The Rumford gold medal of the American Academy of Arts and Sciences, founded to commemorate important contributions toward our knowledge of heat and light, has just been granted to Dr. John William Draper, of New York. This is a distinguished tribute to the scientific labors of our eminent physicist and chemist, and the Academy has honored itself in the award. Yet, those who know how early and eminent were Dr. Draper's original contributions to the chemistry of light, will be tempted to ask why this distinction was not accorded by the Academy to Dr. Draper a generation ago. As reminiscences of Count Rumford are being revived just now, it will be interesting to glance at the history of his medals, which have attained such celebrity in the scientific world.
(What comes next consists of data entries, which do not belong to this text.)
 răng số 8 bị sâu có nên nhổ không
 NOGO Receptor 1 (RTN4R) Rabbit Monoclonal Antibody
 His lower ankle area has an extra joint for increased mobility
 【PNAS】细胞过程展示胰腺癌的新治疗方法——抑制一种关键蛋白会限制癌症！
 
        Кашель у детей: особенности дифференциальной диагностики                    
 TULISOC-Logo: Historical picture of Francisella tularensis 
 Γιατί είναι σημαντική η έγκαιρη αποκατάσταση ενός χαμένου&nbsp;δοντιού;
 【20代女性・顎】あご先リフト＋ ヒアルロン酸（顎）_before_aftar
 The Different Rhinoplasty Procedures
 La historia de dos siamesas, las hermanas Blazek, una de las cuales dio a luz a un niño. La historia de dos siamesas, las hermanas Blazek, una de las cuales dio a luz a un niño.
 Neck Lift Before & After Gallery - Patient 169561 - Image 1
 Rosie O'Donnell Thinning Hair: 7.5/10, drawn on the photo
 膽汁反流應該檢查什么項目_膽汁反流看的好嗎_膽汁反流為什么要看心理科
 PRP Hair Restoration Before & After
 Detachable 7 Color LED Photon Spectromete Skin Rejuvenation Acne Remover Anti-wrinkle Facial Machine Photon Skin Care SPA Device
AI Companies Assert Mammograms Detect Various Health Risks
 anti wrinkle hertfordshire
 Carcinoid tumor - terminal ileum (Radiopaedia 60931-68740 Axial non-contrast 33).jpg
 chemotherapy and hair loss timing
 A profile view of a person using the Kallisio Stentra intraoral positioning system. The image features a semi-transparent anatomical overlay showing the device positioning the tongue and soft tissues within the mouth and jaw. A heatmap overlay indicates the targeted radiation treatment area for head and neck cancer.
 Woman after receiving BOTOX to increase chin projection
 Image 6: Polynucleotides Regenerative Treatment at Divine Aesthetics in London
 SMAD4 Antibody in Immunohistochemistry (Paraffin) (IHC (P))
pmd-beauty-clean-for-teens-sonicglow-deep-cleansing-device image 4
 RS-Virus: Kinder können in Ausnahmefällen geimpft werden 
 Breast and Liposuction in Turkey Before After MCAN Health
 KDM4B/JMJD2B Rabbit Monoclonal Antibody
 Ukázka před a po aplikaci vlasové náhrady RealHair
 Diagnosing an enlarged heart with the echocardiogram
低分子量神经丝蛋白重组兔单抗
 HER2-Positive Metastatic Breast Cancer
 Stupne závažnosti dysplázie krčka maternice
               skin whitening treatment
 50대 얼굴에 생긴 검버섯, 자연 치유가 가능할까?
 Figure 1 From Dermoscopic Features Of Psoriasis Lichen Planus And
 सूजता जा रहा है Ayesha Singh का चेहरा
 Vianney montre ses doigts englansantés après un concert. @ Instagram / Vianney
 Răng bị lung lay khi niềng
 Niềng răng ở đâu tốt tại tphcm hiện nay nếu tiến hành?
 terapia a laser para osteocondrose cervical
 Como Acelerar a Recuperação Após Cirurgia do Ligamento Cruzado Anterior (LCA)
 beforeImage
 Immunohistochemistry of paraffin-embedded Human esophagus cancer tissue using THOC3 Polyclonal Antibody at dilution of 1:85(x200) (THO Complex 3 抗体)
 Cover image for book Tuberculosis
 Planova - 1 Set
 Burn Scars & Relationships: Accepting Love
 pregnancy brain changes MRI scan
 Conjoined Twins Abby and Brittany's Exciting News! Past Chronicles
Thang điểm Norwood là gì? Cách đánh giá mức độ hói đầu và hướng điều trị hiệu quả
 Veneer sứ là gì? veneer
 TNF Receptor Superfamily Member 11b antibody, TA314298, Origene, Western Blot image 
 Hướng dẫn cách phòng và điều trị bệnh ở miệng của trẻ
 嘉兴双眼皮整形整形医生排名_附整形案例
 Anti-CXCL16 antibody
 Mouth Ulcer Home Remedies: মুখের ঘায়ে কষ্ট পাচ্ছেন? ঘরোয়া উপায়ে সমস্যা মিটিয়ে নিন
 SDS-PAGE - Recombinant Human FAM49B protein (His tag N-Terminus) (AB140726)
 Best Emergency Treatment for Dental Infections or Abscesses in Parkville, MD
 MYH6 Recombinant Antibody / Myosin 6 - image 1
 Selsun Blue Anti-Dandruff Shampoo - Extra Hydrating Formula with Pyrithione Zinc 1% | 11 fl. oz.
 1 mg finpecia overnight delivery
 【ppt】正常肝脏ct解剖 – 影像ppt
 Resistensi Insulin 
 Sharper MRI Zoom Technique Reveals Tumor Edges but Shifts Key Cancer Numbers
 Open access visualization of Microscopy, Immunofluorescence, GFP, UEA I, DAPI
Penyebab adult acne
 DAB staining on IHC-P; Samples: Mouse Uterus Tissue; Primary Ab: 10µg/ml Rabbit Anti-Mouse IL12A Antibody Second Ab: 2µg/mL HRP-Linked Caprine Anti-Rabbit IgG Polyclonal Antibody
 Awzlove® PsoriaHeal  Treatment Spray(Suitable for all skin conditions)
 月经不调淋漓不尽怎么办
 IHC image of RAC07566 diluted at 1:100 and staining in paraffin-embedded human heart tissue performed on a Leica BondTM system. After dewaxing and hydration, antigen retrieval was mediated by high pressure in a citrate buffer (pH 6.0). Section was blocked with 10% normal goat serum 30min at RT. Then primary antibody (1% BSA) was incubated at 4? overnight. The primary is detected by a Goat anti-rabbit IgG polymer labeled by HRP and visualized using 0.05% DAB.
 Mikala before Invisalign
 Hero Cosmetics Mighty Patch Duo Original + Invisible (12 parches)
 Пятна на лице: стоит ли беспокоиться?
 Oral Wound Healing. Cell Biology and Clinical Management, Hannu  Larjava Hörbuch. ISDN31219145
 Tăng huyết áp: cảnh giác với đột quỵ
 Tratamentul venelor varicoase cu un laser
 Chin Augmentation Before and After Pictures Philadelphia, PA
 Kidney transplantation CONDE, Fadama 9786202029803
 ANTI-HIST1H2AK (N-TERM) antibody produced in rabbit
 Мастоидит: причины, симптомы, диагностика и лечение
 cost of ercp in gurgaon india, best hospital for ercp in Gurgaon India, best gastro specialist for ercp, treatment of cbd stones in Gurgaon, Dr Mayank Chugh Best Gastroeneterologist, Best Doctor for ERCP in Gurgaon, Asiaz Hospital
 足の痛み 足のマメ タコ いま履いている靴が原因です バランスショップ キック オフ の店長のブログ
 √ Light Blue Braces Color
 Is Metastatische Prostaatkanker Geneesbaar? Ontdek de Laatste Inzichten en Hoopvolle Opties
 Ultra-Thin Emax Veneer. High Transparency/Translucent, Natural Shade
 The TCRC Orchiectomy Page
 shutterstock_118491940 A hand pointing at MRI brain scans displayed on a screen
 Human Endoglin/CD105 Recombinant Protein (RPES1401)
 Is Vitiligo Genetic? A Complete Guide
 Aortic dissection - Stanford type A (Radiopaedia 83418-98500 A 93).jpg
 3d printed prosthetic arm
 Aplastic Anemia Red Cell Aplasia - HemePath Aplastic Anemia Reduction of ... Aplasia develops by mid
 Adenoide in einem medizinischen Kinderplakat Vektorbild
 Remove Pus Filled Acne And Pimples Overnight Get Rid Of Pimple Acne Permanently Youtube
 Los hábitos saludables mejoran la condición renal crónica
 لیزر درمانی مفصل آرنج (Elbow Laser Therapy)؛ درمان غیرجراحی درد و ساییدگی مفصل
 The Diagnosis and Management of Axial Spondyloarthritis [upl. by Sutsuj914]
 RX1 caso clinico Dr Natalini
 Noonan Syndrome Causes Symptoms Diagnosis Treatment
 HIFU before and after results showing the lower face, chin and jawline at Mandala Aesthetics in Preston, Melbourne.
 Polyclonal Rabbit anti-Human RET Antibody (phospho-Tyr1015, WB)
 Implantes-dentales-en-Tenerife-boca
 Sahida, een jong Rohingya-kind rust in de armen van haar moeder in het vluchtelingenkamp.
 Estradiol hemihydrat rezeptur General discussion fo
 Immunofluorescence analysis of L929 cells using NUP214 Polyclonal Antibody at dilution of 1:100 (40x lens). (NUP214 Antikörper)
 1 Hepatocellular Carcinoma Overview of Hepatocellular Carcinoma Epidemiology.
Deeply impressed with the importance of extending the knowledge of heat and light, to which he had devoted himself with great assiduity and success, Count Rumford, in 1796, presented to the Royal Society £1,000, the interest of which was to be spent in striking two medals both in the same die, one of gold and one of silver, worth the interest of the donation for two years, and to be given biennially for the most important discovery or improvement relating to heat and light that should have been made during the preceding two years in any part of Europe. The trust was accepted and the medals designed. The first award was to Rumford himself in 1802. In 1804 John Leslie received the Rumford medals. The honor then passed, in 1806, to Murdock; in 1810 to Malus; in 1814 to Dr. Wells; in 1816 to Humphry Davy; in 1818 to David Brewster; in 1824 to Fresnel; in 1834 to Melloni; in 1838 to J. D. Forbes; in 1840 to Biot; in 1842 to Fox-Talbot; in 1846 to Faraday; in 1848 to Regnault; in 1850 to Arago; in 1852 to Stokes; in 1854 to Arnott; in 1856 to Pasteur; in 1858 to Jamin; in 1860 to Clerk Maxwell; in 1862 to Kirchhoff; in 1864 to Tyndall; in 1866 to Fizeau; in 1868 to Balfour Stewart.

At the same time Count Rumford made a corresponding donation to the American Academy of Arts and Sciences, instituted in 1780. Five thousand dollars were presented, the accruing interest of which was to be invested in medals, and granted biennially by the academy for the most important discoveries in relation to heat or light made within the preceding two years. It was also provided that, if this term passed without any discovery or improvement being made that should be deemed worthy of the award, the accruing interest was to be added to the principal, and the augmented income thus arising was to be added to the medals when the next award was made. But the arrangement seemed to be a futile one, as there were none in America who troubled themselves to extend the knowledge of heat and light; or, at all events, there were no such extensions as in the opinion of the Academy were entitled to win the prizes. Years passed, and the money accumulated until the Academy became embarrassed by the question what to do with it. And so they got a law passed by the Legislature empowering them to depart from the strict letter of the endowment, and use the funds with more freedom in the interest of advancing knowledge. In 1839 the Academy gave from the interest of the Rumford fund the sum of $600 to Dr. Hare, of Philadelphia, in consideration of his invention of the compound blowpipe, and his improvement in galvanic apparatus. The Rumford medal was granted by the Academy, in 1862, to John B. Ericssen for his caloric-engine; in 1865 to Daniel Treadwell, for improvements in the management of heat; in 1867 to Alvan Clark, for improvement in the lens of the refracting telescope; and in 1870 to George H. Corliss, for improvements in the steam-engine. When the gift was made to Dr. Hare, the fund amounted to $27,000; and it has now grown to $42,000.

The biographer of Rumford makes the following significant observation: "It is remarkable that the count, after having liberally provided funds for medals in the award of two learned bodies, should a few years afterward, when drawing his plan and publishing his proposals for his own Royal Institution, have introduced into them an express prohibition of all premiums and rewards."